Alien: Romulus, il settimo capitolo di questa saga leggendaria, sorprende riavvolgendo il nastro e riconnettendosi alle atmosfere claustrofobiche e alla suspense dei primi film. A differenza dei prequel, che si proiettavano verso un passato remoto, Romulus sembra voler riportare la serie alle sue radici, omaggiando l’iconica Ellen Ripley, interpretata da una indimenticabile Sigourney Weaver, e l’immaginario visivo che ha reso Alien un cult.

Se i prequel di Scott erano un viaggio esplorativo ai confini dell’universo, Romulus sembra volersi concentrare sull’orrore intimo e personale che si scatena quando l’alieno scappa al controllo degli ingegneri della Weyland Corporation. Un ritorno alle origini brutale che ha riacceso il nostro entusiasmo.

La scelta di Fede Álvarez di collocare temporalmente Alien: Romulus tra gli eventi del capolavoro di Ridley Scott e il classico di James Cameron, Aliens, risulta vincente. Il film non si limita a essere un semplice omaggio, ma si propone come un nuovo capitolo fondamentale della saga.

Un’atmosfera claustrofobica, piena di tensione, avvolge lo spettatore fin dalle prime scene, trasportandolo in una stazione spaziale abbandonata dove un gruppo di giovani coloni si trova a tu per tu con gli Xenomorfi. Álvarez, con una regia precisa che non grida al miracolo, ricrea alla perfezione l’atmosfera opprimente tipica della saga, riuscendo a farci rivivere la paura di trovarsi soli e indifesi di fronte a una creatura aliena invincibile. I terrificanti incontri ravvicinati con il Xenomorfo sono impressionanti e regalano allo spettatore un’esperienza di puro terrore pienamente appagante.

Di contro, la sceneggiatura non sempre risulta all’altezza dell’estetica dell’opera. Álvarez, pur rispettando il materiale originale, introduce elementi nuovi, sulla carta interessanti, che vorrebbero arricchire l’universo di Alien, ma che in molti frangenti creano confusione. La storia, nonostante non sia proprio originale, è ben costruita, procede spedita senza distrazioni inutili e riesce a mantenere alta l’attenzione dello spettatore fino alla fine, lasciandoci con un senso di inquietudine e di attesa per i prossimi sviluppi.

Un aspetto particolarmente azzeccato è la performance della protagonista Cailee Spaeny, che interpreta Rain, una figura femminile forte e determinata, che possiamo tranquillamente accostare alla Ripley di Sigourney Weaver. Spaeny riesce a portare in scena una figura capace di affrontare gli spaventosi xenomorfi con coraggio e determinazione, incarna alla perfezione lo spirito di sopravvivenza che ha sempre caratterizzato i protagonisti della saga e mostra un lato vulnerabile inedito lasciandosi andare in alcuni momenti alla disperazione.
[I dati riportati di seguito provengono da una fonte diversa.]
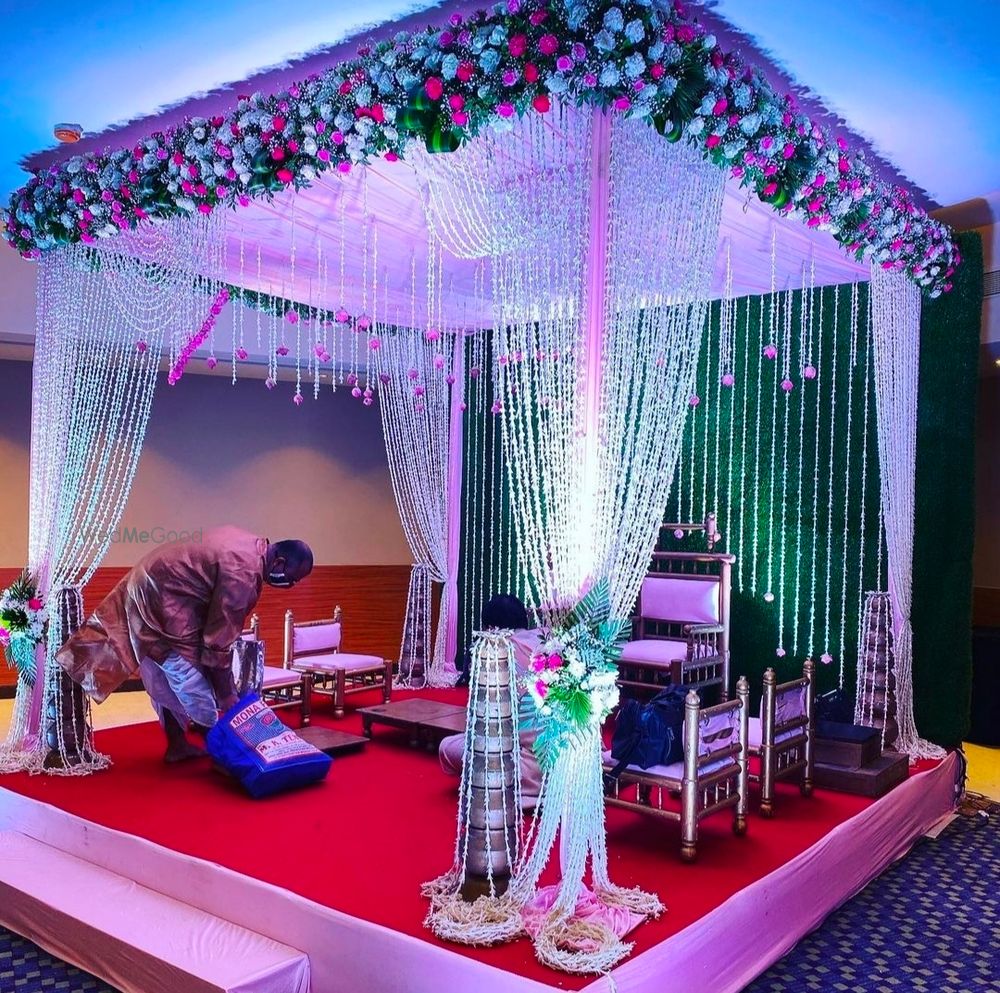 Photo From Vidhi Mandap - By R Production & Events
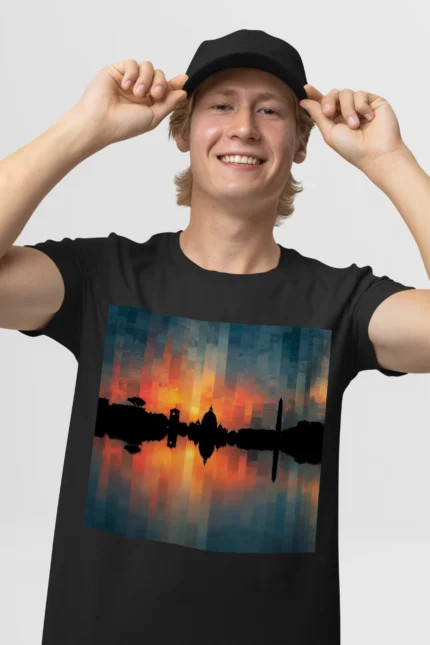 T-shirt ROME (#017) – Image 4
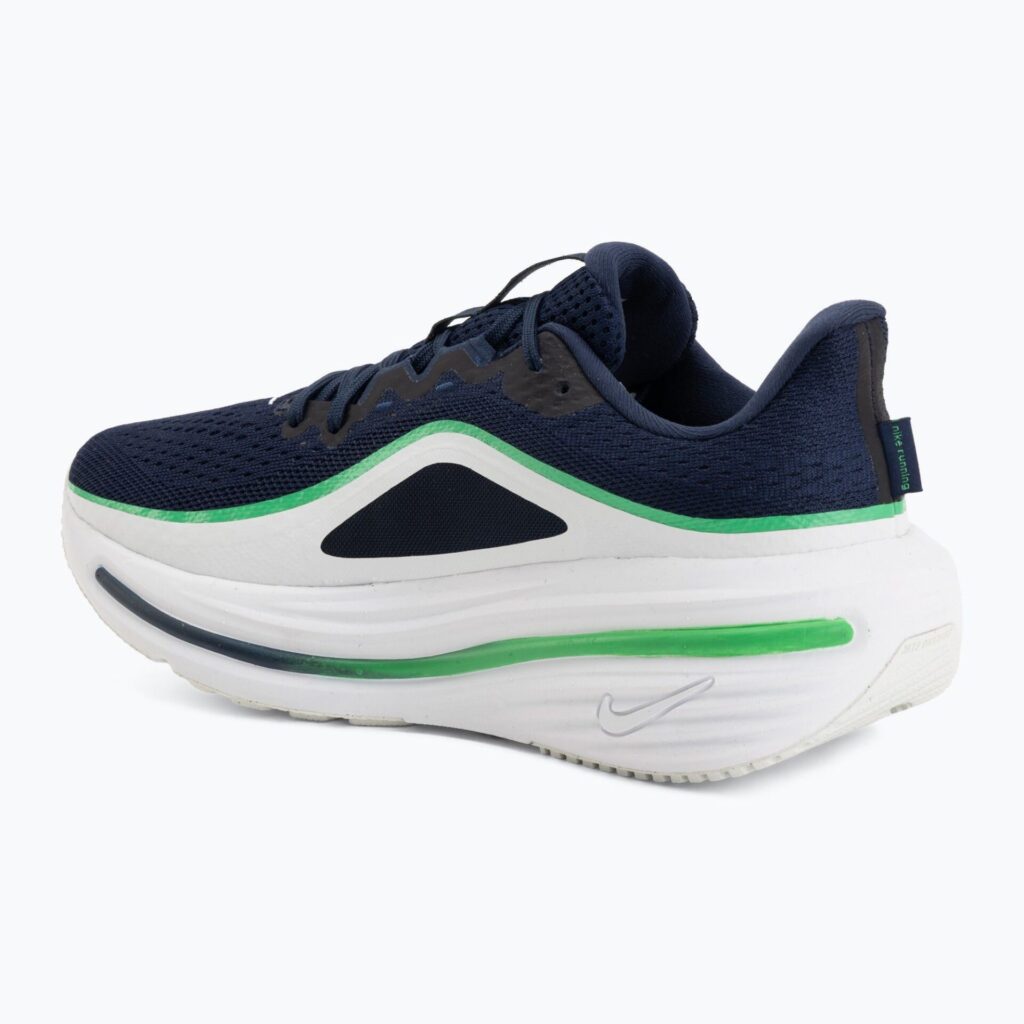 Кроссовки для бега Nike Winflo 12 midnight navy/green spark/summit white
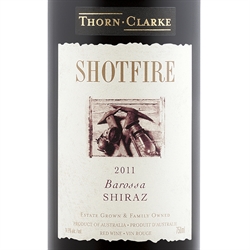 Thorn Clarke Shotfire Shiraz 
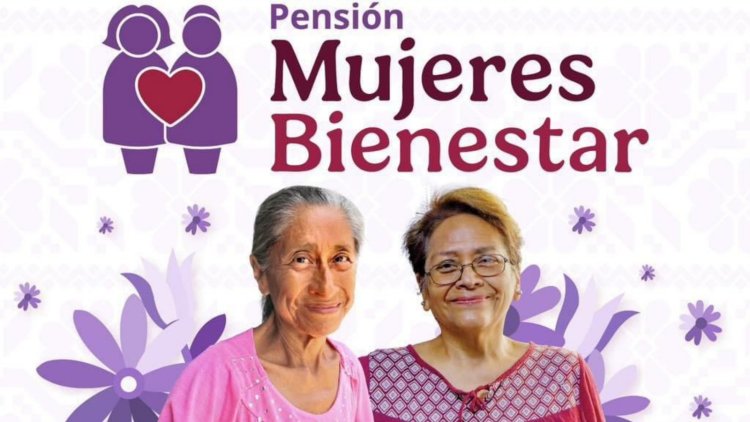 ¿Cómo me registro a la Pensión Mujeres Bienestar de 60 a 64 Años?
In conclusione, Álvarez ha realizzato un film horror più che onesto, che non solo rende omaggio a un classico della fantascienza, ma lo aggiorna e lo reinventa per le nuove generazioni. Un’opera che conferma il talento del regista nel mettere mano a franchise di successo e che ci invoglia ad esplorare ancora di più l’universo di Alien.

(Alien: Romulus di Fede Alvarez. 2024, USA, fantascienza, 119 min)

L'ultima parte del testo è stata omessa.